YOUR GOAL. For the entries below, repeat exactly each line starting with the one that contains "Laisvalaikio suknelė mergaitėms" and going on through the one that contains "SER LUX - PROGETTAZIONE, REALIZZAZIONE", and no others.

SOURCE DATA.
- - -

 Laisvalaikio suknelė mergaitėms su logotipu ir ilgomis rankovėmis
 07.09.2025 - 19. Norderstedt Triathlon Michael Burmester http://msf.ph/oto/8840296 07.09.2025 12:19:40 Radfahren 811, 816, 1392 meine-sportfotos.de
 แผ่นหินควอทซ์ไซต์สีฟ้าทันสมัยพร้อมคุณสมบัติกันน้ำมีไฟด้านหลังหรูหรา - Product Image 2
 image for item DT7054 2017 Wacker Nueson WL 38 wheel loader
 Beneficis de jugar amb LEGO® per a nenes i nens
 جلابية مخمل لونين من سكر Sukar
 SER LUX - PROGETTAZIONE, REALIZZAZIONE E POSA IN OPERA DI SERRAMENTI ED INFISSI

- - -

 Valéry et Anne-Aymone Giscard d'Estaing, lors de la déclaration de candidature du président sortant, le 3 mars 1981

- - -

COMPLETED EXERCISE.
 Laisvalaikio suknelė mergaitėms su logotipu ir ilgomis rankovėmis
 07.09.2025 - 19. Norderstedt Triathlon Michael Burmester http://msf.ph/oto/8840296 07.09.2025 12:19:40 Radfahren 811, 816, 1392 meine-sportfotos.de
 แผ่นหินควอทซ์ไซต์สีฟ้าทันสมัยพร้อมคุณสมบัติกันน้ำมีไฟด้านหลังหรูหรา - Product Image 2
 image for item DT7054 2017 Wacker Nueson WL 38 wheel loader
 Beneficis de jugar amb LEGO® per a nenes i nens
 جلابية مخمل لونين من سكر Sukar
 SER LUX - PROGETTAZIONE, REALIZZAZIONE E POSA IN OPERA DI SERRAMENTI ED INFISSI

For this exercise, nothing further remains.